トップ> 一般教育部長より

一般教育部長 岡野 安洋
私は一般教育部の役割は次の三点にあると思います。
私は教養演習や文学関連の講座を担当するとき、授業中よく学生に、「この小説の主人公の行動についてあなたはどう考えますか?」と質問することがあります。すると中には一生懸命考えて、「分かりません。先生、教えてください」と応える学生がいます。私は、「あなたの考えを聞いているので、何も一般的な正解を求めているのではありません。あなたの考えとは、あなた自身が考えたことで、それを私が代わりに考えたり、教えたりはできません」と応えると、中には「先生は何も教えてくれない」と思う人がいるようです。高校までの勉強では、正解が必ずあって、その正解を教師は知っている、だから考えて分からなければ教師からその正解を教えてもらえるものだと思ってきたようです。そうした受動的な姿勢を大学では、まず捨てなくてはなりません。そして、自ら考え、自分から問題点を見つけ出し、積極的に学ぶ姿勢に転換することが、大学での勉学には絶対に必要であると思います。それを身につけることは、学生諸君にとって、一般教育部での大切な課題だと思います。また、そうした態度を身につけさせるよう、教員も指導に当たるべきだと考えます。
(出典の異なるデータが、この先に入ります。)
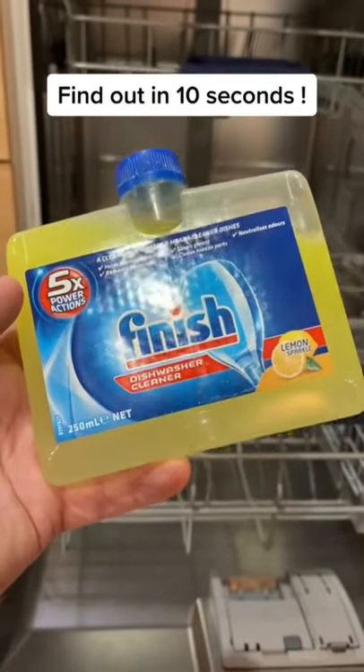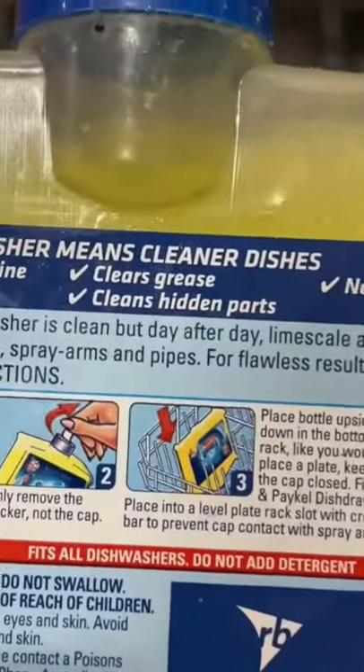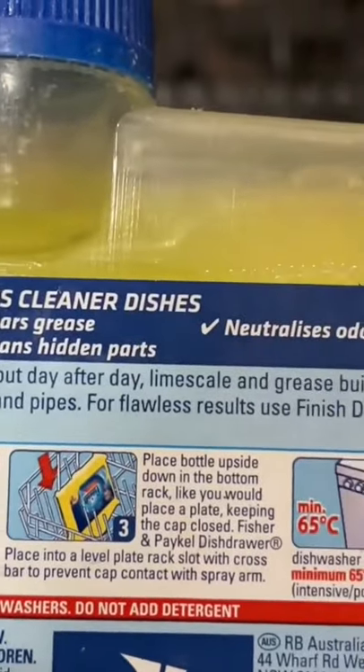Got one of these Finnish dishwasher cleaners for eight bucks — that's about 16 standard washers — but it cleans all the grease and grime and lime scale out of your dishwasher. Check that out, like a brand new dishwasher.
次に一般教育部では、学部教育の基礎知識を学ぶことが課題となります。特に実験系の教科では、自然科学の基礎知識が講義されます。また、実習を通じて、実習における基本的な姿勢や実験器具の取り扱い方法、レポートの書き方の基礎が身につくように努めます。また、数学・英語・情報科学の各教科にあっても、学部教育の基礎知識や、実社会で役立つ知識を学びます。もちろん、こうした科目にあっても、以下に述べる教養教育の部分が含まれていることを忘れないでください。
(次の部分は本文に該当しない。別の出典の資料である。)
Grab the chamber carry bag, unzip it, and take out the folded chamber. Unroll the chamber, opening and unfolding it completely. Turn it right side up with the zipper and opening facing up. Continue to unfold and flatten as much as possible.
一般教育部で学ぶことは、先に述べた学部教育の基礎知識と並んで、教養教育が挙げられます。教養教育に関しては、一般教育部が主とした担い手になっていると思います。私が担当しているドイツ語の授業内容の説明を4月のガイダンスですると、「ドイツ語は将来の勉強に役立つでしょうか?」とよく質問されます。そこで私は、「たぶん役に立つ可能性は少ないと思う。でも、役に立たないかもしれないこと、あるいはすぐに役立たないことを学ぶのが、教養というものだ」と応えます。教養とは、学部の勉強にすぐ役立つようなものでないのが大半です。それどころか、ひょっとすると一生役立たないかもしれません。しかし、自分の人生のふとしたときに、「ああ、これは大学の時間に聞いたことがあるな。なかなかおもしろいものだ」と感じる瞬間があるように思います。また、大学で知識の基礎を学んでいたお陰で、楽しみの幅を広げたり、知識の積み重ねが可能であったりすることは少なくないと思います。つまり、教養とはすぐには役立たないし、ひょっとしたら無駄かもしれない。しかし、そうしたことを学ぶことこそ、大学教育を受ける大切な要素であると思います。職業に必要なことだけを学ぶなら、専門学校でも良いでしょう。しかし、大学では、専門的な知識だけではなく、社会人として大切な人間的幅をつける教養も大切であると考えられています。だからこそ大学の教育課程に、教養教育は必須となっているのです。ですから、大学に進学してきたからには、大学を卒業したときに、専門だけではなく、大学で学んだ者にふさわしい知識人としての水準に達していなくてはなりません。教養は専門知識のバックグラウンドを形成するものだと考えてください。それにはもちろん、十分な専門知識を身につけているという前提があることは言うまでもありませんが。
以上三点、大学で学ぶための積極的な姿勢・態度を養う場所であることと、今後すぐに必要な専門分野の知識の基礎を学ぶこと、それに、すぐに役立つわけではないが、人生を豊にしてくれる教養の基礎を身につける場所が一般教育部であると考えています。学生諸君も教職員の皆さんも、こうしたことを念頭に置いて、勉学や学生対応に当たってもらいたいと思います。